4. Respondent's failure to comply with the standard at 29 C.F.R. § 1926.59(g)(3) (1990) constituted an other than serious violation of section 5(a)(2) of the Occupational Safety and Health Act of 1970, 29 U.S.C. § 651-678 (1970).
5. Pursuant to § 17(j) of the Occupational Safety and Health Act of 1970, 29 U.S.C. § 651-678 (1970) a monetary penalty of $ 0 for the above violation is appropriate.

ORDER

1. Citation No. 1, Item 1 is AFFIRMED. No penalty is assessed.

Michael H. Schoenfeld
Judge, OSHRC


Dated: APR 09, 1991 Washington, D.C.




FOOTNOTES:
[[1]] Section 1926.59(g)(8) provides:

§ 1926 .59 Hazard communication.

(g) Material safety data sheets.

(8) The employer shall maintain copies of the required material safety data sheets for each hazardous chemical in the workplace, and shall ensure that they are readily accessible during each work shift to employees when they are in their work area(s).

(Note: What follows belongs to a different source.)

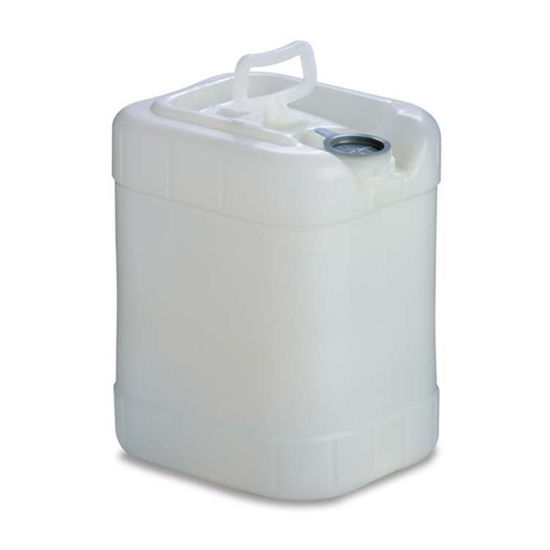 Picture of 5 Gallon Natural HDPE Square Tight Head, SC76 Tamper Evident, UN Rated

[[2]] The Secretary points out in her brief that an enforcement directive she published as OSHA Instruction CPL 2-2.38C (Oct. 22, 1990). provides that MSDSs or electronically accessible MSDS(s) must be available at each worksite. She observes that the record here is devoid of evidence that Lindstrom's jobsite was equipped with any means of receiving electronicalIy transmitted copies of MSDSs (such as by computers with printers, microfiche machines or telefax machines), so as to trigger the administrative exception created in Instruction CPL 2-2.38C.

[[1]]  Reference to the official record in this case are as follows.  TR, Transcript of Proceedings; CX, Complainant's Exhibit, RX, Respondent's Exhibit.

[[2]] Requirements for the contents of material safety data sheets are found at 29 C.F.R. § 1926.50 (g) (2) (1990).